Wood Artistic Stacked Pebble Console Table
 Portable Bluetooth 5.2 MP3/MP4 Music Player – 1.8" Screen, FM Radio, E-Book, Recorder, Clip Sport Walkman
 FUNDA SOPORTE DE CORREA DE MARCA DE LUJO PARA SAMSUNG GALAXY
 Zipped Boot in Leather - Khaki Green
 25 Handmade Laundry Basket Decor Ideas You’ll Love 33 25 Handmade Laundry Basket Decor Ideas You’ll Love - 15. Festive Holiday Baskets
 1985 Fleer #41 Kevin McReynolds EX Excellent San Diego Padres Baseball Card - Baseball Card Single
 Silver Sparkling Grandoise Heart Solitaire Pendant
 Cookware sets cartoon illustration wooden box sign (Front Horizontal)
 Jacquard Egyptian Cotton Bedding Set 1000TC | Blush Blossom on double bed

* [WHAT THIS TASK INVOLVES] Extract every line from the one with "1985 Fleer #41" down to the final line above, both included, exactly as written.

* [RESPONSE AREA]
 1985 Fleer #41 Kevin McReynolds EX Excellent San Diego Padres Baseball Card - Baseball Card Single
 Silver Sparkling Grandoise Heart Solitaire Pendant
 Cookware sets cartoon illustration wooden box sign (Front Horizontal)
 Jacquard Egyptian Cotton Bedding Set 1000TC | Blush Blossom on double bed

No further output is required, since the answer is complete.